Synthetic Data Generation
Synthetic data is a common way to help test and train machine learning models. It’s usually easier to use synthetic data for simple applications like data augmentation, but for more complex uses, like explainable AI, it can be challenging.
Single subject tables are the easiest type of table to
synthesize. This is because each row describes a unique real-world entity – a
customer, a patient, or a company employee – and doesn’t depend on the contents
of other rows.
Generative Modeling
The goal of synthetic data
generation is to create data that is statistically similar to
real-world data. Data teams start with a real-world dataset, learn patterns and
correlations, and then use those to create synthetic data that looks, feels,
and means the same.
Tabular data, like spreadsheets, text data from chatbots or
machine translation software, and unstructured image, video, and audio data are
common examples of synthetic data. This type of data can help eliminate the
need for regulated or privacy-sensitive information, and it can be produced
much faster and cheaper than real data.
Using rule-based or stochastic processes, this generative
modeling creates synthetic data that matches the desired structure but doesn’t
provide any actual information. This kind of data is commonly used in computer
vision training, for example, where the model needs to see a variety of
different scenarios and conditions. It can also be generated for stress testing
systems to ensure that they can perform under heavy loads.
Randomization
When you create synthetic data, you generate a new set of
numbers that mathematically or statistically mirrors its real-world counterpart
without revealing the original information. This data is then used in various
ways, including for machine learning models. It’s also used in simulations for
a variety of industries, from smart stores and robots to automobiles and space
exploration.
MOSTLY AI’s patented synthetic data generation platform uses
randomization to create the most realistic, high-quality test data for your use
cases. Our platform recognizes numeric, categorical, and datetime columns in
your input data and automatically translates them into synthetic data. We even
eliminate N/A values from your synthetic data while keeping variable statistics
like mean, variance, and quantiles intact.

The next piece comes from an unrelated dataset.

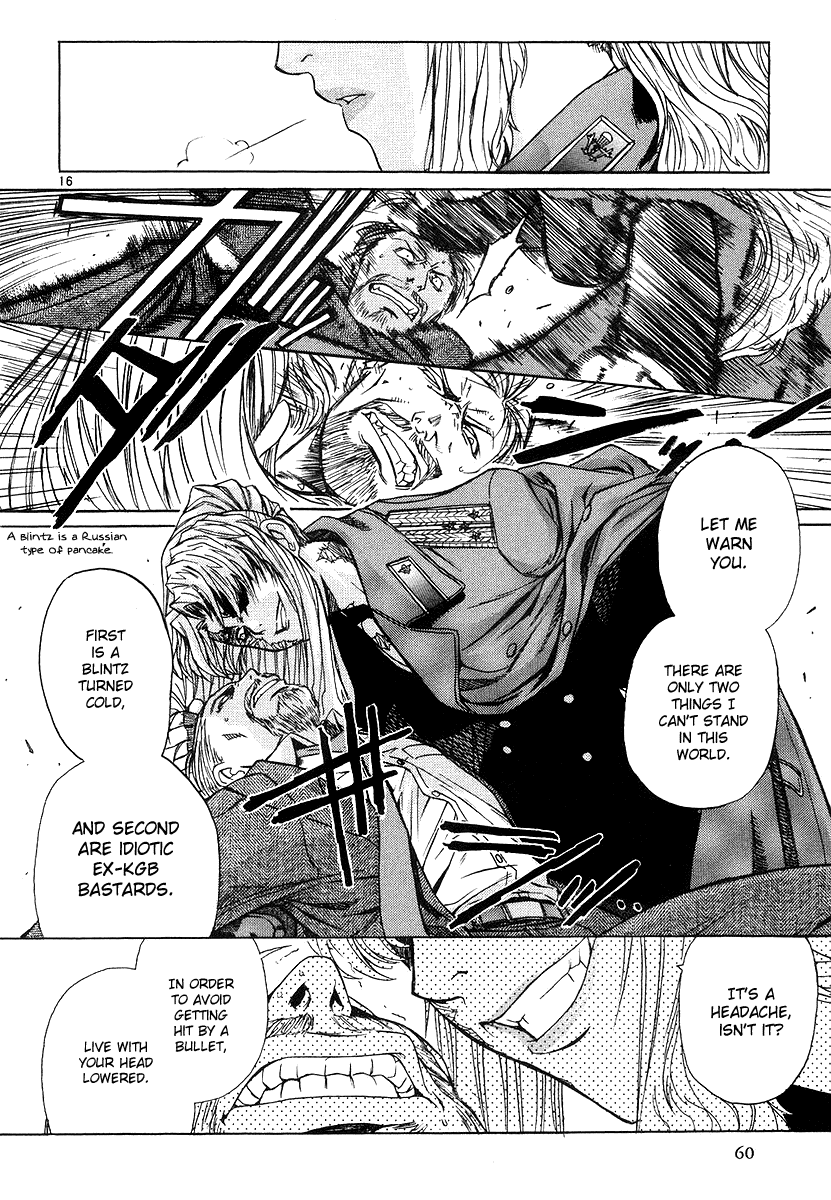 Black Lagoon Chapter 23 page 15 - Chapter 23: Fujiyama Gangsta Paradise Pt.2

The best part about creating synthetic data is that you
don’t have to worry about PII or privacy regulations. Our streamlined process
for self-service provisioning makes it easy to design test data for functional
and non-functional testing or use in a training model.
Variational Autoencoders
The use of synthetic data has become commonplace in many
industries. It is especially important in sectors where real-world data may be
sensitive or inaccessible due to privacy concerns or time and financial
constraints.
For example, banks and finance firms collect a wealth of
customer information, including personally identifiable information (PII).
Synthetic data can allow these organizations to train models on this
proprietary data without violating privacy.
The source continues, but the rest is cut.